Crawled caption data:
****

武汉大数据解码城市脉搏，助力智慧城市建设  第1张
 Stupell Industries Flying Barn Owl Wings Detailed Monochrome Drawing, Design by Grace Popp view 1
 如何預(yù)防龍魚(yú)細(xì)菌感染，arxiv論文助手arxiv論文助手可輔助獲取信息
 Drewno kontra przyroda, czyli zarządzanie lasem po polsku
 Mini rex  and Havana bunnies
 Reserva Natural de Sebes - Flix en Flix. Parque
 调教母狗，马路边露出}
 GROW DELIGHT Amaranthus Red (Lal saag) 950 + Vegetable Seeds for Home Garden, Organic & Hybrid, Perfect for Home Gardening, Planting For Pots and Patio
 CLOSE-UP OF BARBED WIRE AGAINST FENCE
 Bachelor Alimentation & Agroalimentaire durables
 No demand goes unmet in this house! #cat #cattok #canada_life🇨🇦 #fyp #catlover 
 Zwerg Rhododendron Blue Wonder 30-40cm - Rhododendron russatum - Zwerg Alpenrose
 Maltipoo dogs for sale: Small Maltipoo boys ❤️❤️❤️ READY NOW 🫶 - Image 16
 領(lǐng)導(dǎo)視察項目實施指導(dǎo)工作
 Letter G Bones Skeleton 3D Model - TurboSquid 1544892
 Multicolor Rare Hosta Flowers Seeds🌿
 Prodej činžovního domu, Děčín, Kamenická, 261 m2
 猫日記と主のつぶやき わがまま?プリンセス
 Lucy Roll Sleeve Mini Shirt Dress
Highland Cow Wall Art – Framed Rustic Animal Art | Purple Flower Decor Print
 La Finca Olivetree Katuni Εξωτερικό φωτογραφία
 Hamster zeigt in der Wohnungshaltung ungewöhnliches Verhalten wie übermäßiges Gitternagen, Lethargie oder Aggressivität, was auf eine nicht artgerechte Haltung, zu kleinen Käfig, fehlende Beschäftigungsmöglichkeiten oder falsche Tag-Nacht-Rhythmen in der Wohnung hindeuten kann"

****

* _Work order_
Every entry, from first to last, should be written out exactly.

* _Solution to the problem_
武汉大数据解码城市脉搏，助力智慧城市建设  第1张
 Stupell Industries Flying Barn Owl Wings Detailed Monochrome Drawing, Design by Grace Popp view 1
 如何預(yù)防龍魚(yú)細(xì)菌感染，arxiv論文助手arxiv論文助手可輔助獲取信息
 Drewno kontra przyroda, czyli zarządzanie lasem po polsku
 Mini rex  and Havana bunnies
 Reserva Natural de Sebes - Flix en Flix. Parque
 调教母狗，马路边露出}
 GROW DELIGHT Amaranthus Red (Lal saag) 950 + Vegetable Seeds for Home Garden, Organic & Hybrid, Perfect for Home Gardening, Planting For Pots and Patio
 CLOSE-UP OF BARBED WIRE AGAINST FENCE
 Bachelor Alimentation & Agroalimentaire durables
 No demand goes unmet in this house! #cat #cattok #canada_life🇨🇦 #fyp #catlover 
 Zwerg Rhododendron Blue Wonder 30-40cm - Rhododendron russatum - Zwerg Alpenrose
 Maltipoo dogs for sale: Small Maltipoo boys ❤️❤️❤️ READY NOW 🫶 - Image 16
 領(lǐng)導(dǎo)視察項目實施指導(dǎo)工作
 Letter G Bones Skeleton 3D Model - TurboSquid 1544892
 Multicolor Rare Hosta Flowers Seeds🌿
 Prodej činžovního domu, Děčín, Kamenická, 261 m2
 猫日記と主のつぶやき わがまま?プリンセス
 Lucy Roll Sleeve Mini Shirt Dress
Highland Cow Wall Art – Framed Rustic Animal Art | Purple Flower Decor Print
 La Finca Olivetree Katuni Εξωτερικό φωτογραφία
 Hamster zeigt in der Wohnungshaltung ungewöhnliches Verhalten wie übermäßiges Gitternagen, Lethargie oder Aggressivität, was auf eine nicht artgerechte Haltung, zu kleinen Käfig, fehlende Beschäftigungsmöglichkeiten oder falsche Tag-Nacht-Rhythmen in der Wohnung hindeuten kann"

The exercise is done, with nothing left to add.